Nneka Egbuna was born in 1980 in Nigeria’s oil country to a Nigerian father and a German mother. She studied anthropology in Hamburg, and there met the Kabul-born producer DJ Farhot, with whom she has continued to work. Farhot’s online biography says that in “a rather dull backyard of the Hanseatic city south of the Elbe … socialisation with Hip Hop [took] place immediately.” Nneka herself brought hip-hop to the party, plus Fela Kuti’s Afrobeat, reggae, American R&B, and older political songs like those of Nina Simone.

The musical mix they developed grew uses these elements with an attractive freedom, and Nneka has been compared to Lauryn Hill. But she usually sings rather than raps, and it’s her voice that catches your attention first. It has three distinct layers: a prophetic sound with a low edge, a mid-range with lots of breath, and a top in which the breath is set free in flute-like improvisations. That delicate voice makes the political edge in her songs all the more effective.

Writing in what must be her third language (she has sung in Igbo as well), Nneka brings accomplished lyrics to match that totally fresh sound. One of her moves, exemplified in her hit “Heartbeat,” is to unexpectedly reveal what seems to be a love song lyric as a political comment, with the political content thus resting on the long relationship of colonized and colonizer. She can do the type of song that catalogues centuries of history, but mostly her commentary is pointed. In “Lucifer (No Doubt),” an intense fusion of reggae and Afrobeat, she addresses the materialist world: “Oh, no doubt, I’m loving you more than I love myself.
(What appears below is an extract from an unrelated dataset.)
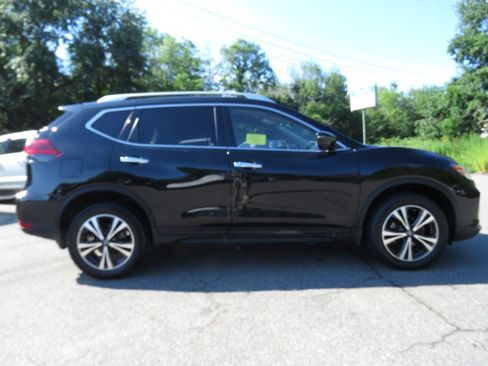 Used 2019 Nissan Rogue SV w/ Premium Package AWD/4WD image 4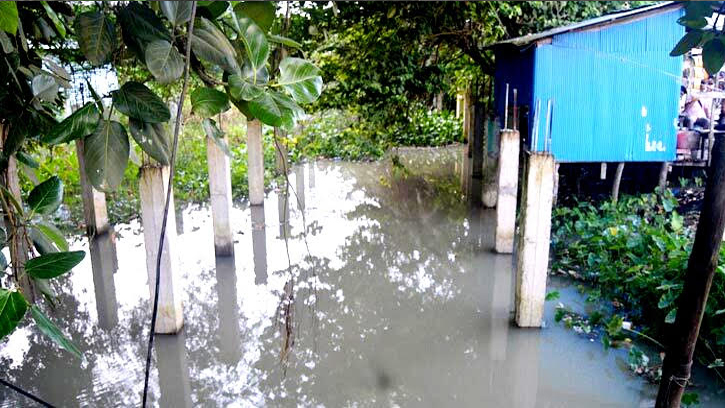 অপরিকল্পিত কালভার্ট নির্মাণের কারণে অনাবাদি ৫০০ একর জমি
With your mouth, you stole my soul so I could not love myself.”

Not all of Nneka’s music is political by any means: her virtuoso tour of styles that flourished before she was born offers many pleasures, and a song like “Shining Star” just about channels Sly Stone. Her pure reggae songs tend to carry spiritual lyrics rather than political ones.
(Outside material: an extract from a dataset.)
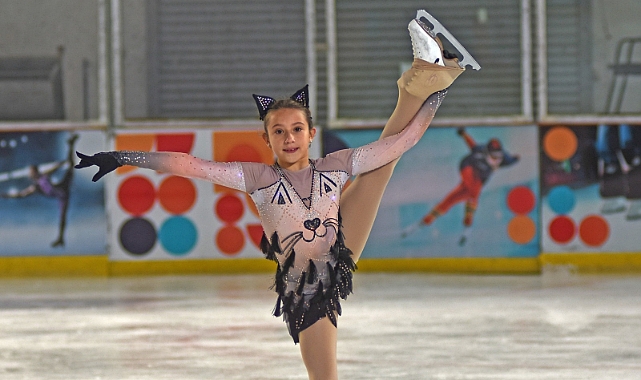 Minik buz pateni sporcusu Doğa annesinin yolunda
Nneka has been a presence in the middle rungs of the European charts for several years. She appeared at Lilith Fair in 2010 and turned up on David Letterman, but she has so far remained little known in this country. One of the many interesting questions attending her Ark show on October 24 (see Nightspots) will be to see how her music’s considerable electronic component is realized in live performance.